**** Data for the task ****
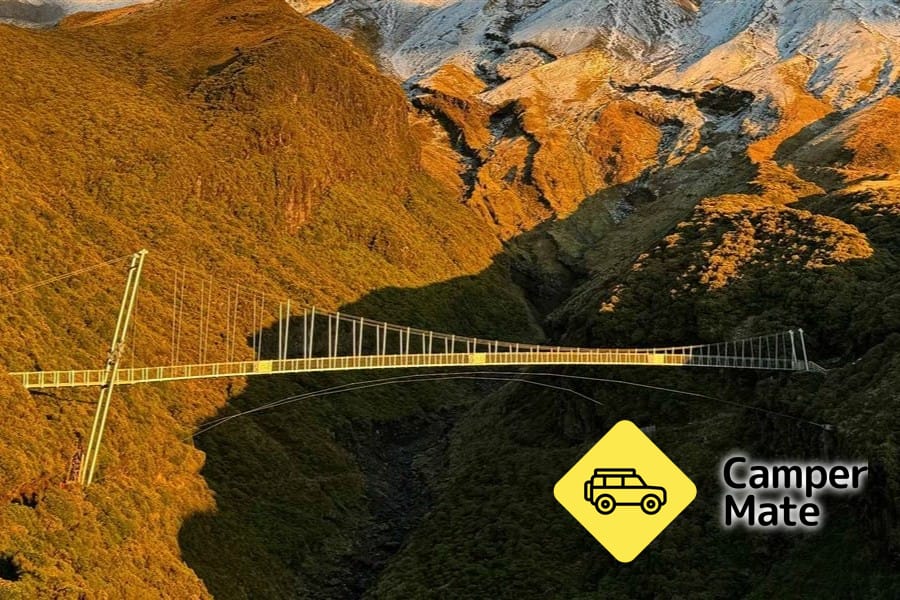 Manganui Gorge Track and Suspension Bridge - Image 3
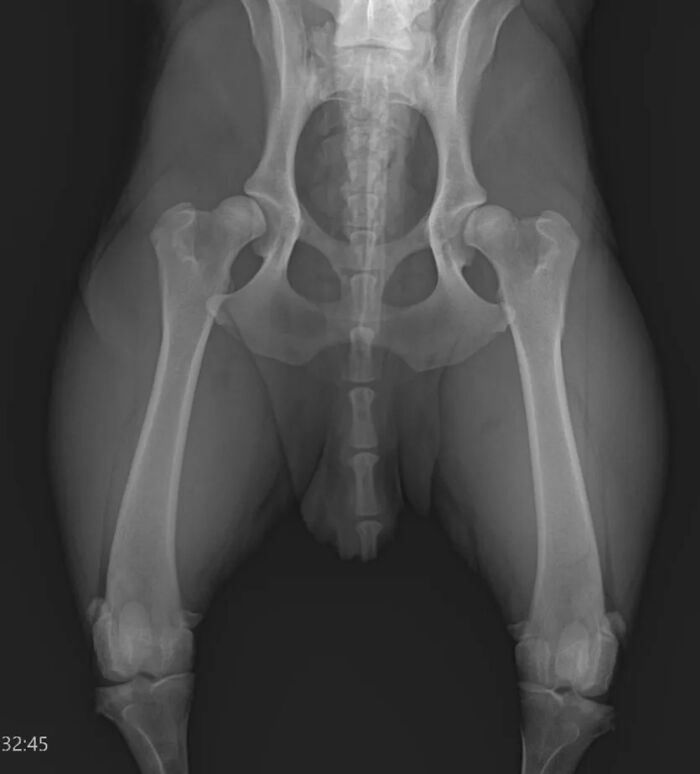 An X-ray of a dog's pelvis and hind legs, illustrating potential vet bills for pet owners.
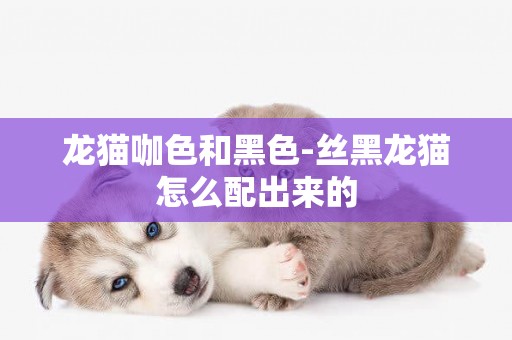 龍貓咖色和黑色-絲黑龍貓怎么配出來的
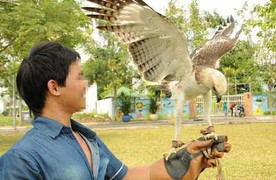 Dân chơi Sài Gòn chi chục triệu săn đại bàng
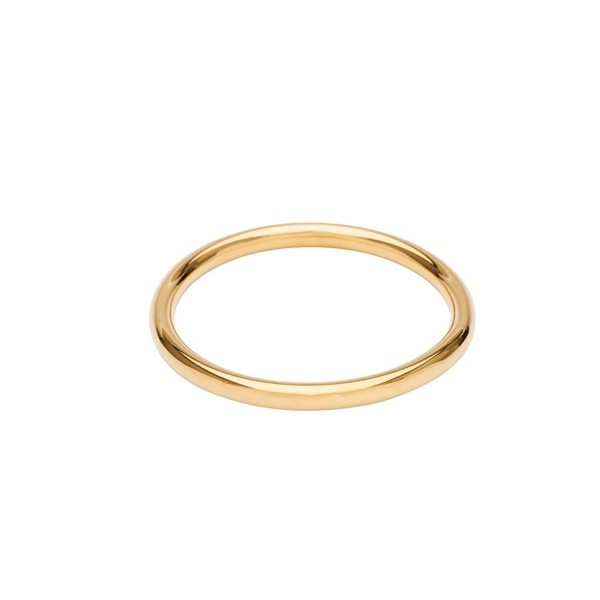 Pico Ray Bangle 6mm - FG Goldplated 65cm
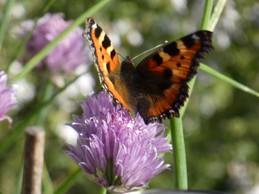 Beautiful nature in the garden...
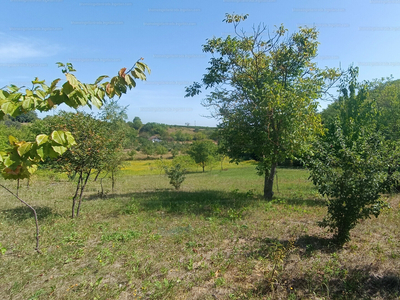 Eladó termőföld, szántó - Balatonkeresztúr, Somogy megye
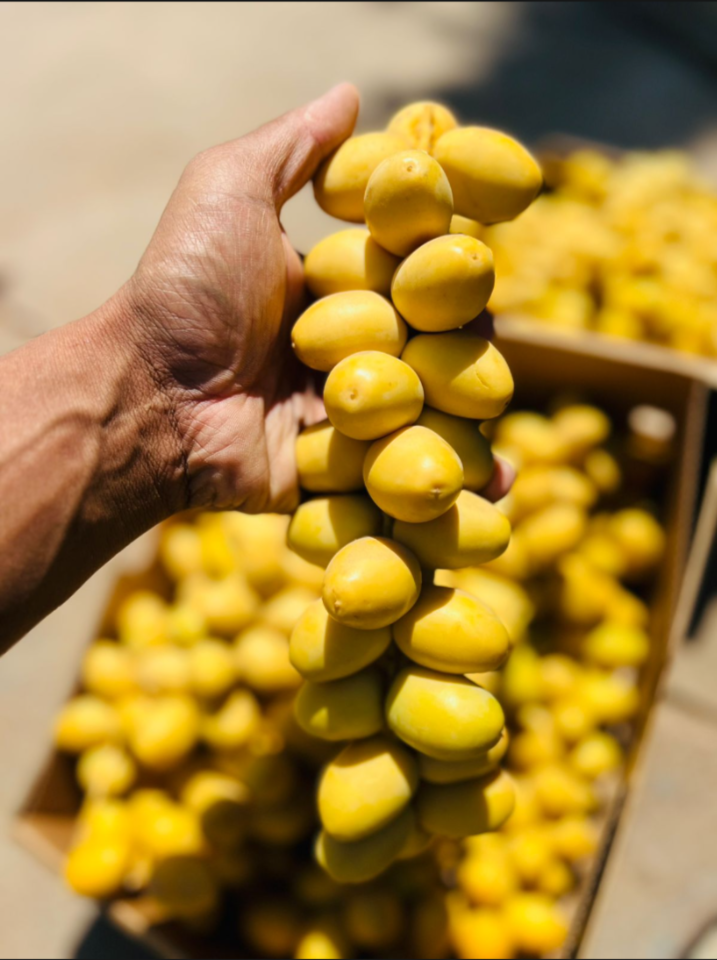 Fresh Egyptian Barhi Yellow Dates – Crunchy & Sweet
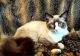 Ragdoll Cats for sale in Danville, VA, USA. price: NA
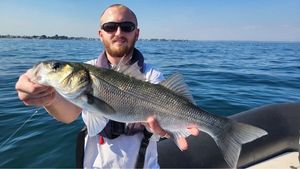 European Bass (Seabass)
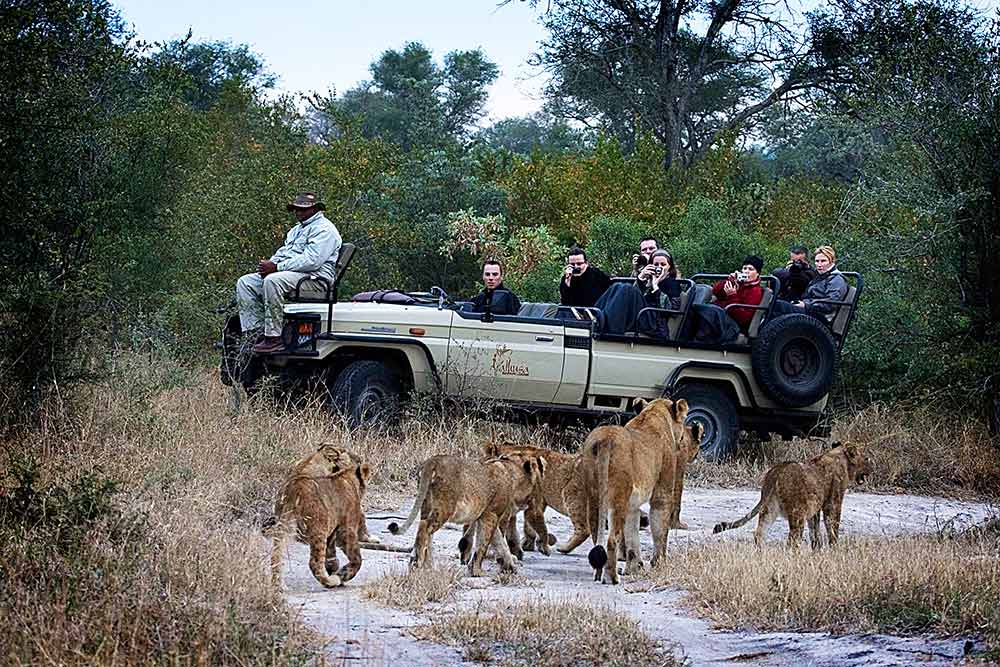 Why Safari in Kruger Park? - Africa Uncovered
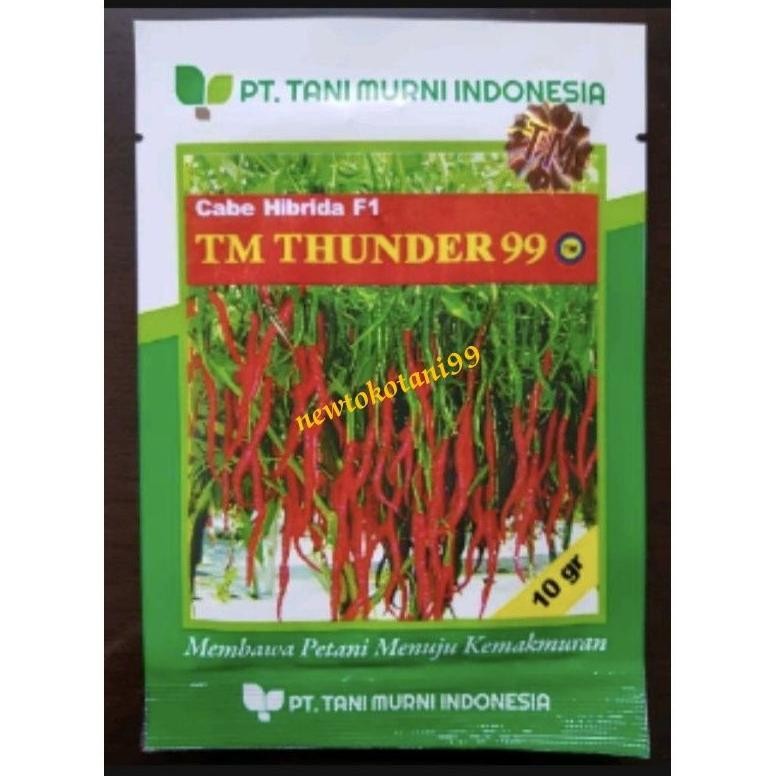 Benih cabe keriting TM THUNDER 99 10 gram cabai hibrida kriting dari tani murni cabe tm thunder 10gr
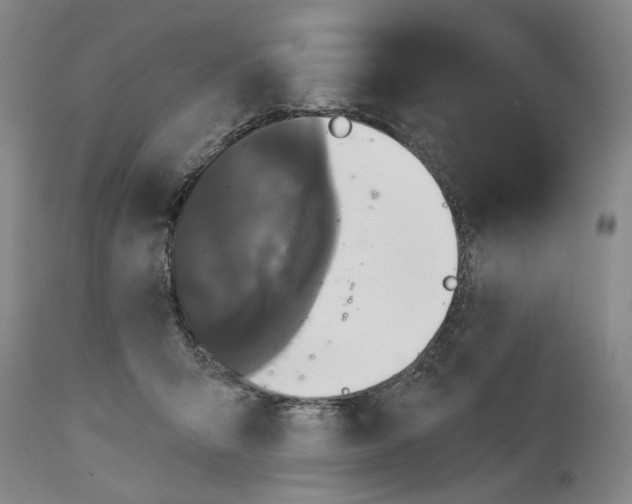 X0000114730415200911121759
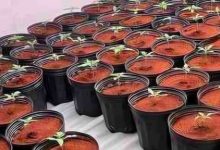 Civil descobre laboratório de maconha com cerca de 200 plantas em Blumenau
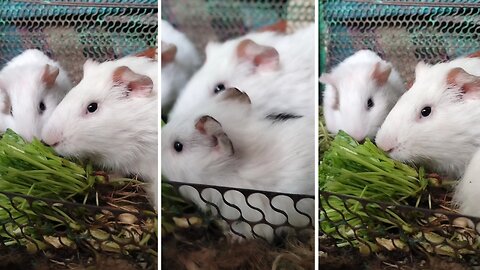 Rabbit 🐇 or mouse 🐿️ ???? is very hungry 😔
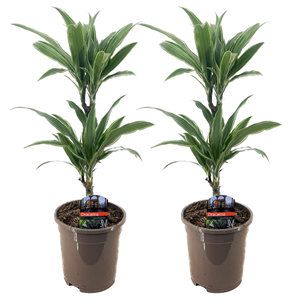 Dracaena deremensis warneckei - 2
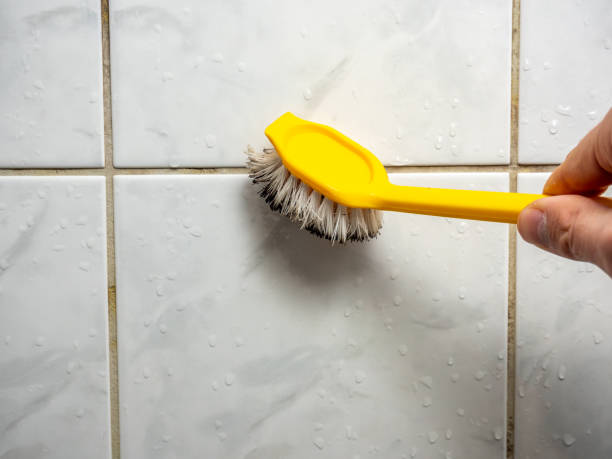 Best Same-Day Mold Removal  in Bradner, OH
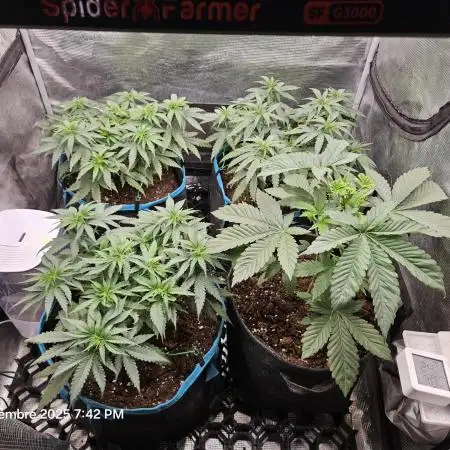 Critical orange punch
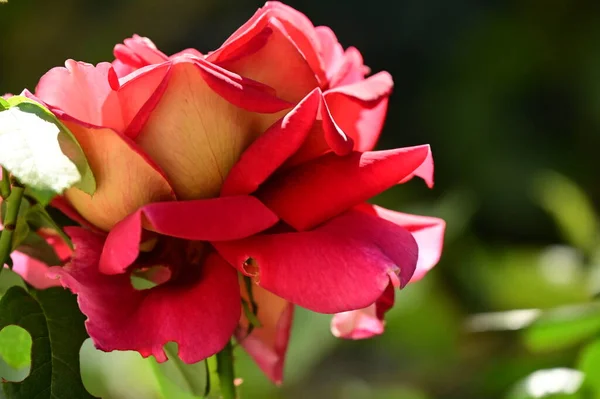 Närbild Vacker Röd Ros Blomma Trädgården — Stockfoto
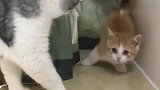 大猫们跟小橘猫相处两天后，那一幕太有爱了，毫无违和感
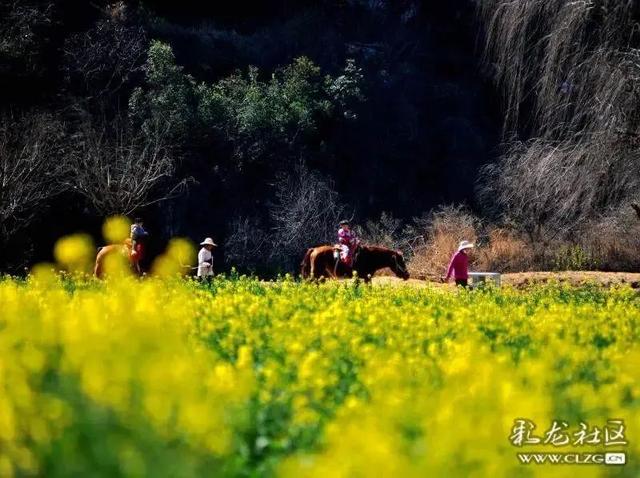 云南花海旅行记，春天，来云南与七彩花海相遇
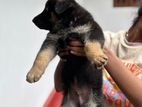 German Shepherd Puppy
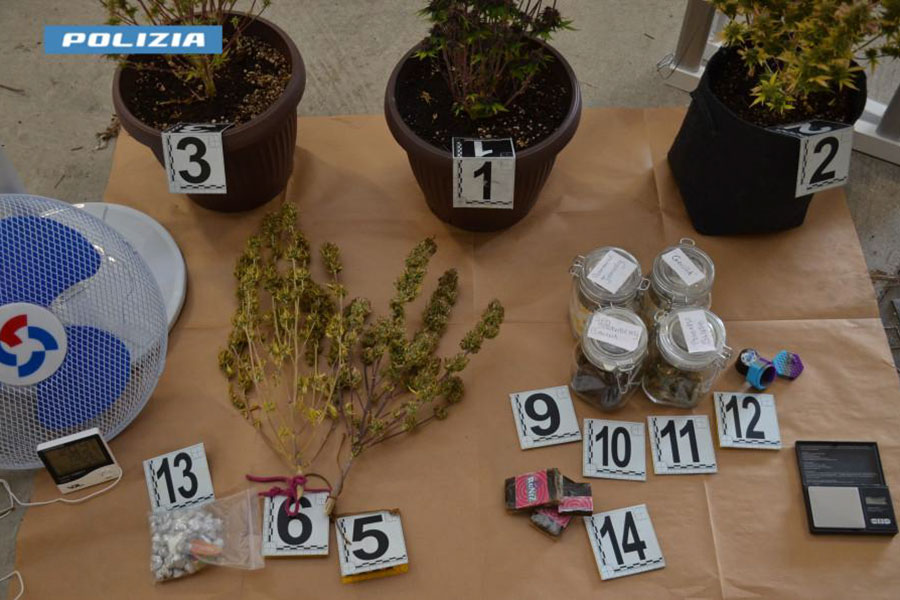 Scoperti in un’abitazione mezzo chilo di droga e una serra artigianale: arrestato 21enne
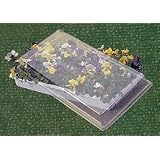 Seed Tray: Mini Greenhouse Style by 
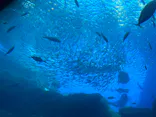 仙台うみの杜水族館に投稿された画像（2022/1/3）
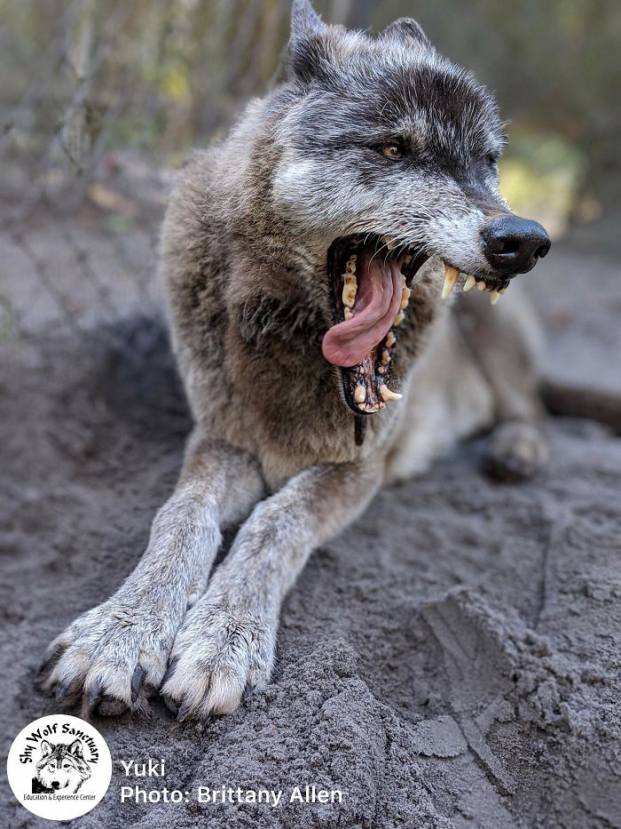 Bị chủ cho vào trại an tử vì nuôi không nổi, chú chó lai sói may mắn được cứu mạng 13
****
**What the task asks:** Write all the lines above out again exactly, minus the images.

**Response to the exercise:**
 Manganui Gorge Track and Suspension Bridge - Image 3
 An X-ray of a dog's pelvis and hind legs, illustrating potential vet bills for pet owners.
 龍貓咖色和黑色-絲黑龍貓怎么配出來的
 Dân chơi Sài Gòn chi chục triệu săn đại bàng
 Pico Ray Bangle 6mm - FG Goldplated 65cm
 Beautiful nature in the garden...
 Eladó termőföld, szántó - Balatonkeresztúr, Somogy megye
 Fresh Egyptian Barhi Yellow Dates – Crunchy & Sweet
 Ragdoll Cats for sale in Danville, VA, USA. price: NA
 European Bass (Seabass)
 Why Safari in Kruger Park? - Africa Uncovered
 Benih cabe keriting TM THUNDER 99 10 gram cabai hibrida kriting dari tani murni cabe tm thunder 10gr
 X0000114730415200911121759
 Civil descobre laboratório de maconha com cerca de 200 plantas em Blumenau
 Rabbit 🐇 or mouse 🐿️ ???? is very hungry 😔
 Dracaena deremensis warneckei - 2
 Best Same-Day Mold Removal  in Bradner, OH
 Critical orange punch
 Närbild Vacker Röd Ros Blomma Trädgården — Stockfoto
 大猫们跟小橘猫相处两天后，那一幕太有爱了，毫无违和感
 云南花海旅行记，春天，来云南与七彩花海相遇
 German Shepherd Puppy
 Scoperti in un’abitazione mezzo chilo di droga e una serra artigianale: arrestato 21enne
 Seed Tray: Mini Greenhouse Style by 
 仙台うみの杜水族館に投稿された画像（2022/1/3）
 Bị chủ cho vào trại an tử vì nuôi không nổi, chú chó lai sói may mắn được cứu mạng 13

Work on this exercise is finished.